Photo by Rebecca Aldama on Unsplash.
As businesses strategise over the best way to deal with the Covid-19 pandemic, they cannot afford to lose sight of the importance of sustaining the best customer experience and service quality - and loyalty programmes are central to this.
This is according to leading independent customer relationship management company LoyaltyPlus. The company adds that part of ensuring operations continue during a crisis involves maintaining reward to customers, and being cognisant of relationships with key stakeholders including vendors, partners and investors.
Reputation and business should be kept front of mind
In today’s commercial markets, awash with uncertainty, it is absolutely crucial that the customer relationship is not neglected in any way and the brand continues to reward the customer for their support. The business and economic reasoning behind this is one factor, another is reputation and ensuring the business is kept front of mind for the right reasons.
Whether or not a business makes it through the current Covid-19 ‘storm’ depends a great deal on the level of response.
LoyaltyPlus emphasises that this ‘response’ means keeping communication channels open and effective.

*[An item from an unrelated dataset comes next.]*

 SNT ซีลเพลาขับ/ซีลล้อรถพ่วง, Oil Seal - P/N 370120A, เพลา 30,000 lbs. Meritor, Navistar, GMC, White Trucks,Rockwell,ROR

In other words there has to be consistent messaging to effectively inform the customer without annoying them and actually ‘putting them off’.

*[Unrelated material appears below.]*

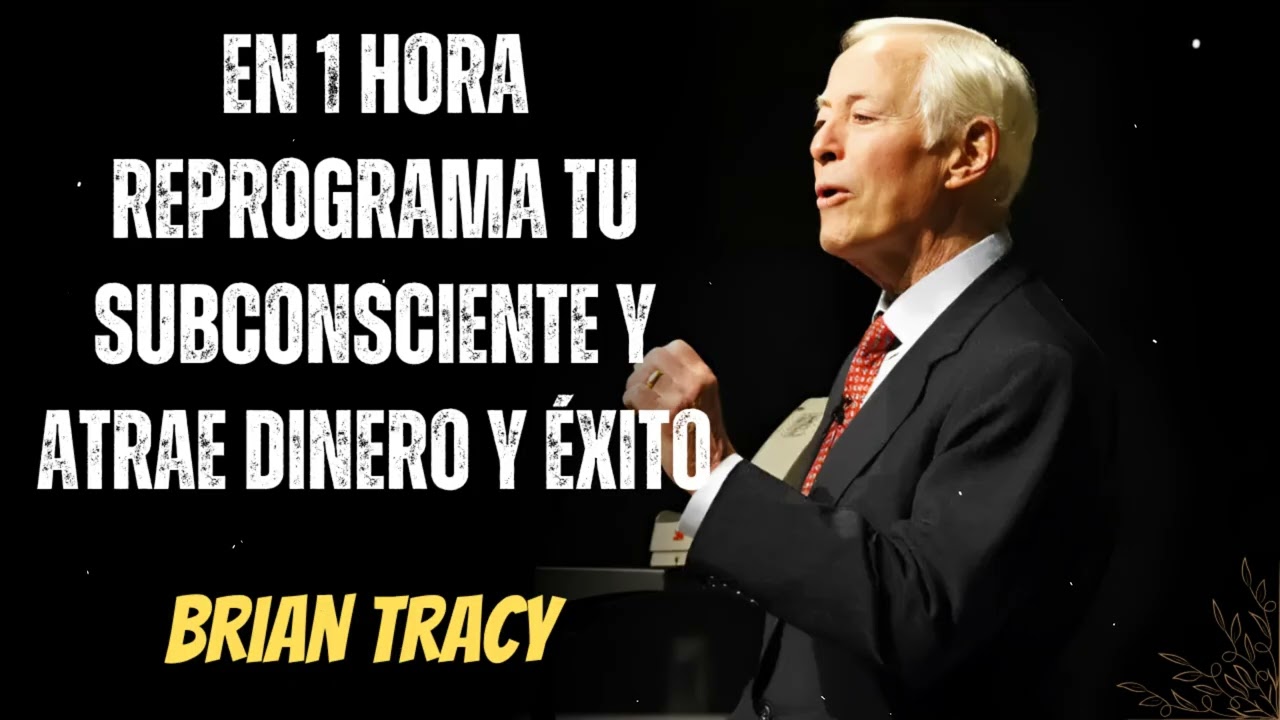En 1 Hora REPROGRAMA Tu SUBCONSCIENTE y ATRAE DINERO y Éxito- Brian Tracy Wisdom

It’s critical to keep the conversation channels open, with content that is relevant and adds value – especially during a crisis.
That is the one layer of communication and B2C engagement, the other is that business owners should not lose sight of the opportunity that a crisis presents.
LoyaltyPlus stresses that while it is fundamental to continue to provide an effective service, there is an opportunity during the crisis to innovate and deliver on new loyalty programmes and revenue channels.
Sought-after commodity during normal business conditions
The app development market is an example. This digital channel is being tapped into, especially by small businesses, to absorb the impact of slow business growth and ‘quiet’ markets.
According to the smallbusinesssite.co.za, South Africa is home to over 100 loyalty reward programmes and initiatives, used by over 25 million people. The site states that loyal customers can be worth ten times as much as a single purchase.
Loyalty is, therefore, a sought-after commodity during normal business conditions, but even more so when it comes to operation during a crisis.
Many new apps are emerging in the market to assist businesses during the crisis, with the focus on communication, ‘reaching out’ to the customer and advertising fresh services.
Essentially the focus is on making sure the customer realises that the brand they are supporting is still very much in operation and has withstood any impact from the Covid-19 crisis.